Sasha holds up a finger to indicate a caveat. “But no soundbites. Short words, but ramble a bit. Make your sentence structure longer. Interrupt the thought with a side comment. That makes for rotten replays.”

We go through the rest of the tape, take by painful take, question by question, and I scribble on the notecards she used to grill me. This time, most of my notes are style and not substance. I feel like I’m selling out.

But I want this. Oh, hell yes, I want this.

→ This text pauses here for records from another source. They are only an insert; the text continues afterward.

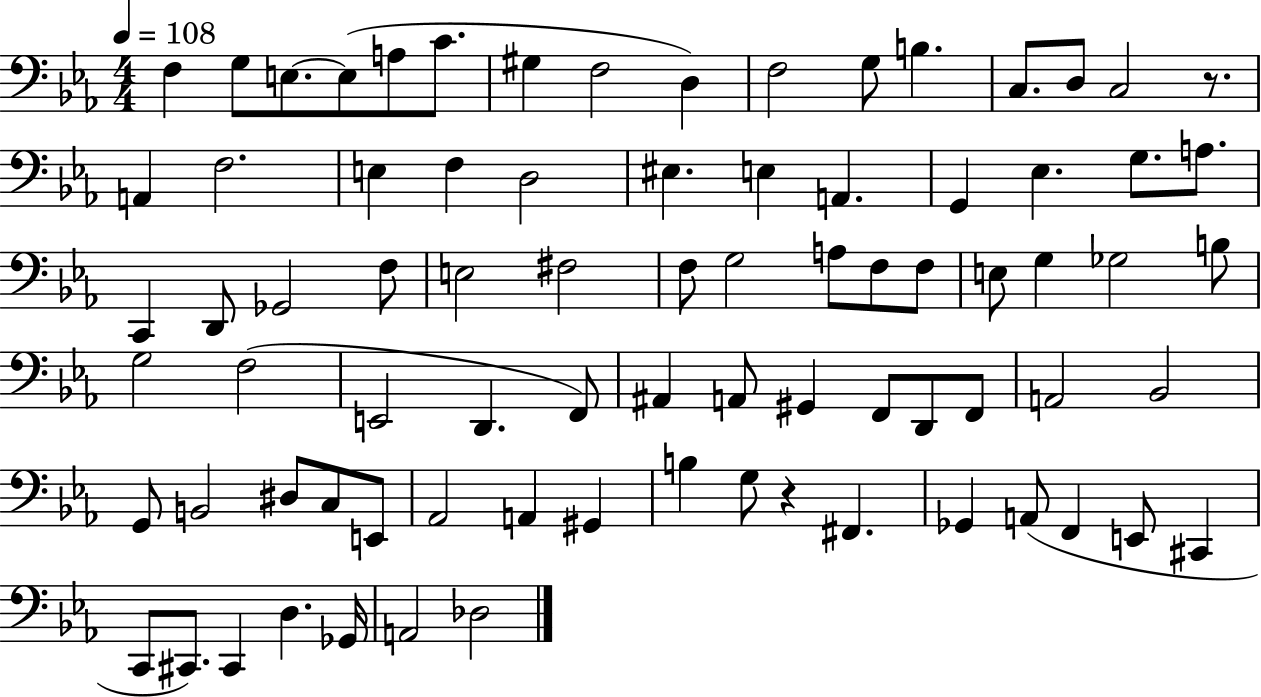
{
  \clef bass
  \numericTimeSignature
  \time 4/4
  \key ees \major
  \tempo 4 = 108
  f4 g8 e8.~~ e8( a8 c'8. | gis4 f2 d4) | f2 g8 b4. | c8. d8 c2 r8. | \break a,4 f2. | e4 f4 d2 | eis4. e4 a,4. | g,4 ees4. g8. a8. | \break c,4 d,8 ges,2 f8 | e2 fis2 | f8 g2 a8 f8 f8 | e8 g4 ges2 b8 | \break g2 f2( | e,2 d,4. f,8) | ais,4 a,8 gis,4 f,8 d,8 f,8 | a,2 bes,2 | \break g,8 b,2 dis8 c8 e,8 | aes,2 a,4 gis,4 | b4 g8 r4 fis,4. | ges,4 a,8( f,4 e,8 cis,4 | \break c,8 cis,8.) cis,4 d4. ges,16 | a,2 des2 | \bar "|."
}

And the person growing inside me is even more reason that I want to change the world for good.

Sasha finally lets up with her play, pause, critique cycle when it’s close to dinnertime and flips off the monitor.

“Are we done?”

“For now.” She eyes her phone, looking at the time. “I’ve got a dinner tonight and you’ve got the rest of a speech to write.”

My mouth drops open. “How do you expect me to write a speech when we’ve been doing this all afternoon?”

Sasha shrugs. “I wondered the same thing. How do you expect to do the prep that only you can do, if you don’t let go of some of the responsibilities others can do for you? The habits that got you this far in politics aren’t going to keep you going if you want to be vice president.”

I grind my teeth to bite back a curse. “I’m not the Bionic Woman. I need sleep. I need … food.” My stomach rumbles with hunger to confirm this.

“Call Trey and have him grab you a sandwich. I want to see the speech in my inbox by midnight, or else I’m going to sic our writers on it. Got it?”

“You can’t.” I want to dig in my heels, but I feel Sasha rapidly tipping me, pulling me across the line whether I like it or not.